A number of the electronic transcriptions made for this project are shared with the edition of the majuscule manuscripts of John (www.iohannes.com).

This does not necessarily mean that the transcription will appear in an identical way in each edition. Since each critical apparatus was compiled independently of the other, the way in which the variant readings in a manuscript are displayed may sometimes differ.

The edition permits the viewing of the material in several ways:

  1. The apparatus provides verse-by-verse viewing of an apparatus with the opportunity to see the whole text of the verse in any witness. This may be viewed in two different ways:
    • a. With only the base text above the apparatus.
    • b. With both the base text and the text of the Patriarchal Edition above the apparatus.
  2. Each witness may be viewed in its entirety. For some, the original page layout is indicated. For others, there is less formatting information. The section Transcription Details provides detailed information about the making and content of each witness file.
  3. Finally, it is possible to read the base text without apparatus, in a comfortable reading format.

Although the apparatus of the printed edition and the apparatus of this electronic edition are generated from the same files, they are not identical, since the differences in production of print and electronic editions led to changes being made independently in each at the final stages. However, they are substantially identical.

In addition to the text of all witnesses, this electronic edition contains a list of sources for all the patristic citations, linked from each verse. This permits the user to consult the source of the edition's evidence.

The transcriptions may be placed in six categories:

  1. Text-only majuscule manuscripts, indicated by their Gregory-Aland number (which begins with a zero).

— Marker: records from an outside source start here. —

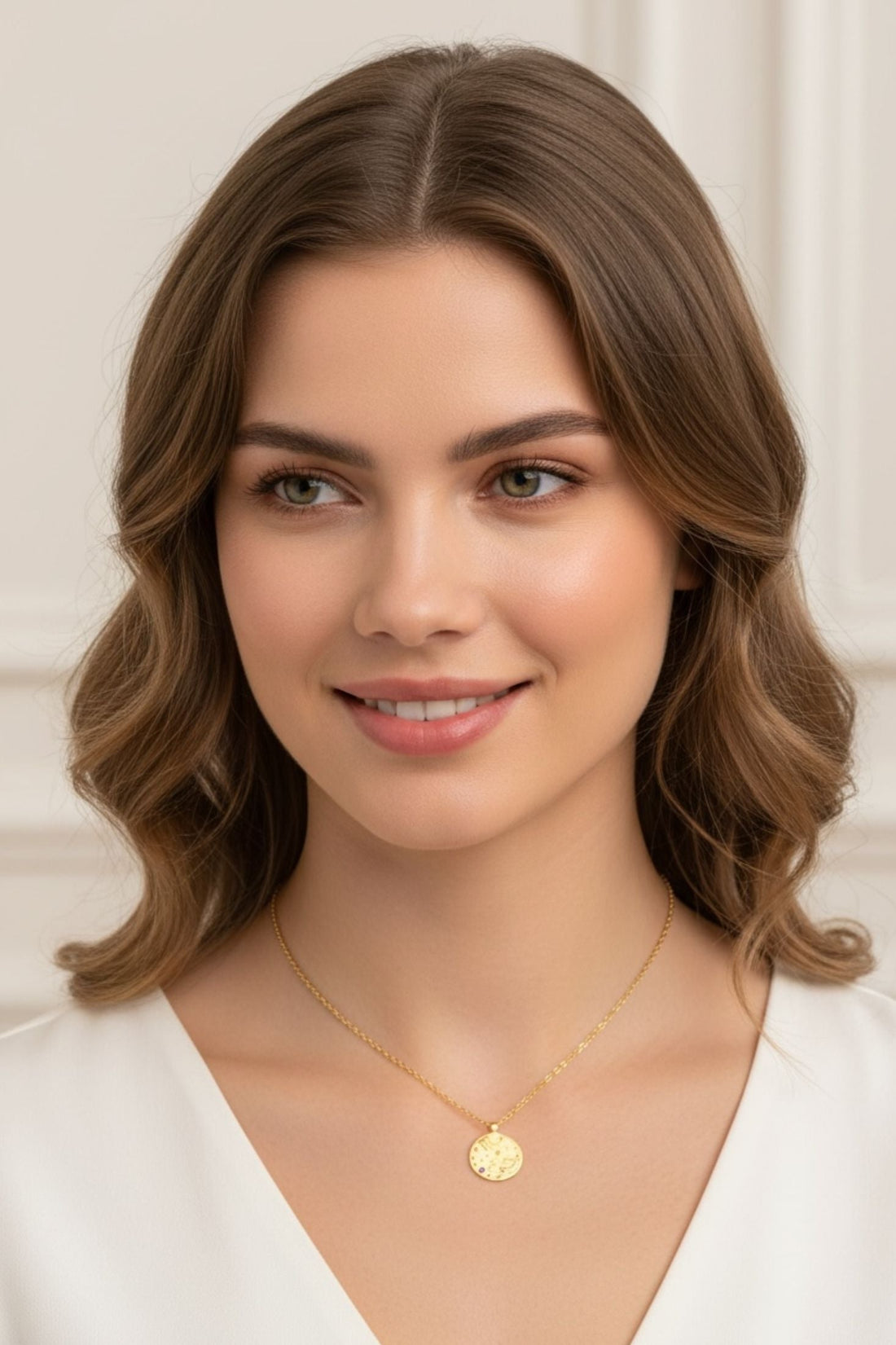 Gold zodiac talisman necklace worn on model, round pendant with blue birthstone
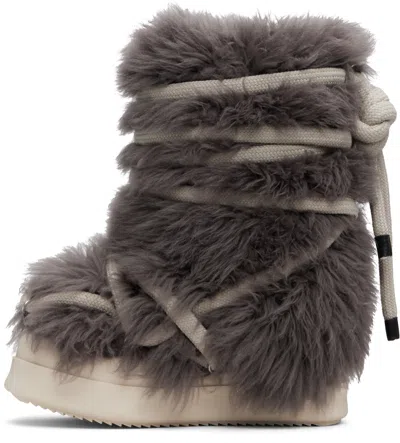 Rick Owens Gray Concordians Mega Bumper Lunar Boots In Animal Print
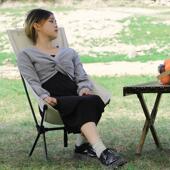 户外折叠椅子凳美术太空靠背便携露营马扎阳台钓鱼躺装 备月亮椅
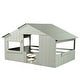 preview thumbnail 28 of 38, Wood House Bed with Roof & Door, Window and Guardrail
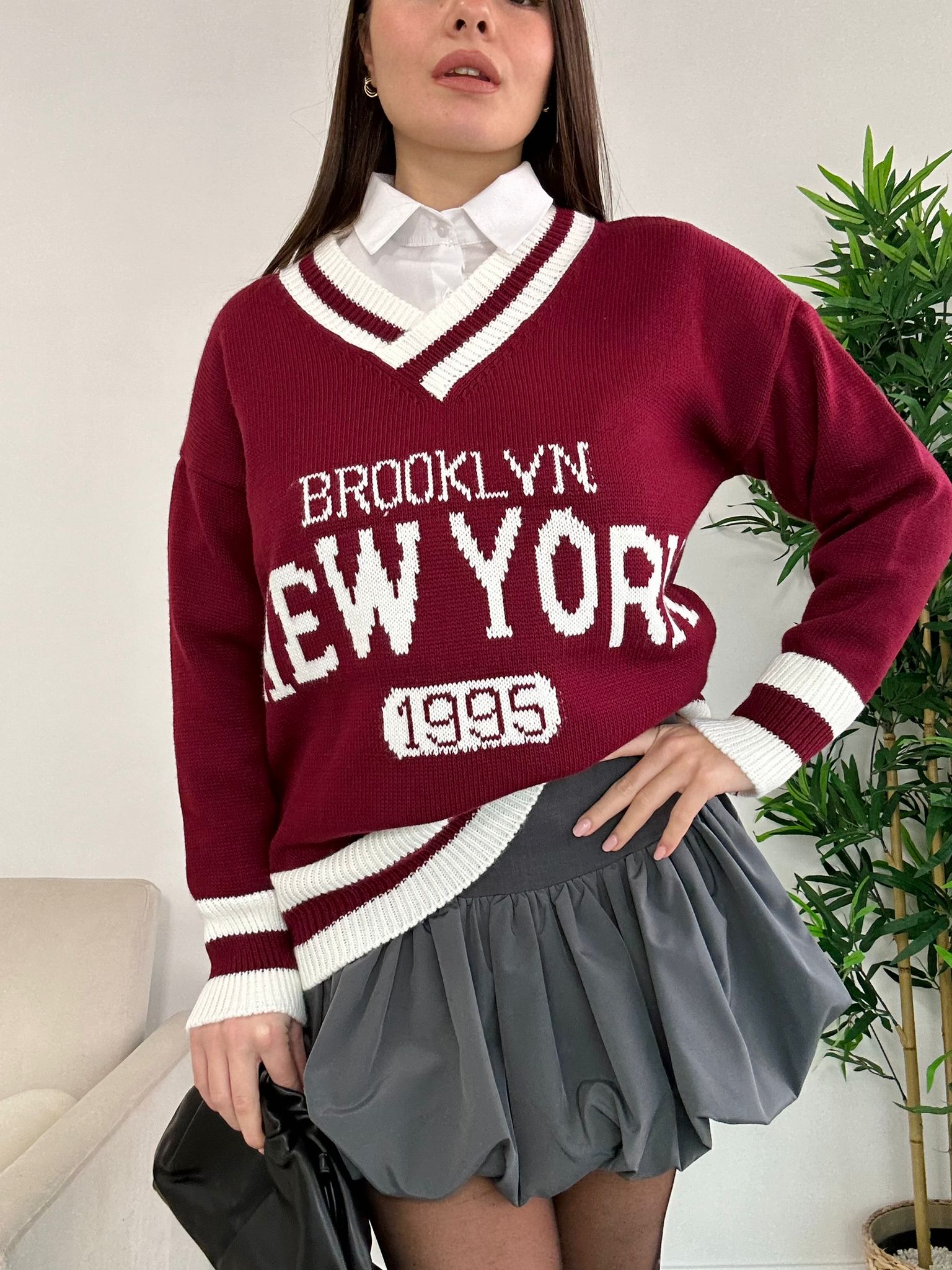 Maglione New York - Bordeaux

The essential principles of transcription are set out in the IGNTP edition of the manuscripts.
  2. Text-only minuscule manuscripts, indicated by their Gregory-Aland number.
  3. Commentary manuscripts. These are indicated by their Gregory-Aland number with the letter K at the beginning of their siglum (for the German "Kommentar"). All but one of these (0141) are minuscule manuscripts.
  4. Lectionary manuscripts, indicated by their Gregory-Aland number with the initial upper-case L. Where a lectionary contains a passage more than once and there is a variation in text between the lections, the different readings are indicated by a numeral. Note that the number refers to the reading, not to the lection. For example, where there are two forms of text at two places in the manuscript, the number (2) might refer to a second form of text in the second lection on one occasion and the third lection on the other.
  5. Patristic citations. Here a superscript letter distinguishes between different forms in which the father cites it. The abbreviations used are
    • a. Bas = Basil of Caesarea
    • b. GrNy = Gregory of Nyssa
    • c. GrNaz =Gregory of Nazianzus
    • d. CyrJ = Cyril of Jerusalem
    • e. Chrys = John Chrysostom
    For the criteria for selection of these writers as significant to the early Byzantine text, see the Introduction to the Printed Edition.
  6. Printed texts (Patriarchal Edition and Nestle-Aland 27) without accentuation.

Note the following conventions in the transcriptions:

For further details, see the Introduction to the Printed Edition.

Corrections in manuscripts are shown in the following way. The text of the first hand appears in blue (as "OM" if it has nothing). A single click on the blue lettering will produce a box stating the first hand text (indicated with *), and the corrector.

The transcriptions of lectionaries place the text in its canonical order and not in the order of lections in the manuscripts.

The transcriptions of patristic citations place the text in its canonical order. "Absent" in the patristic text transcriptions indicates that the author nowhere cites the text.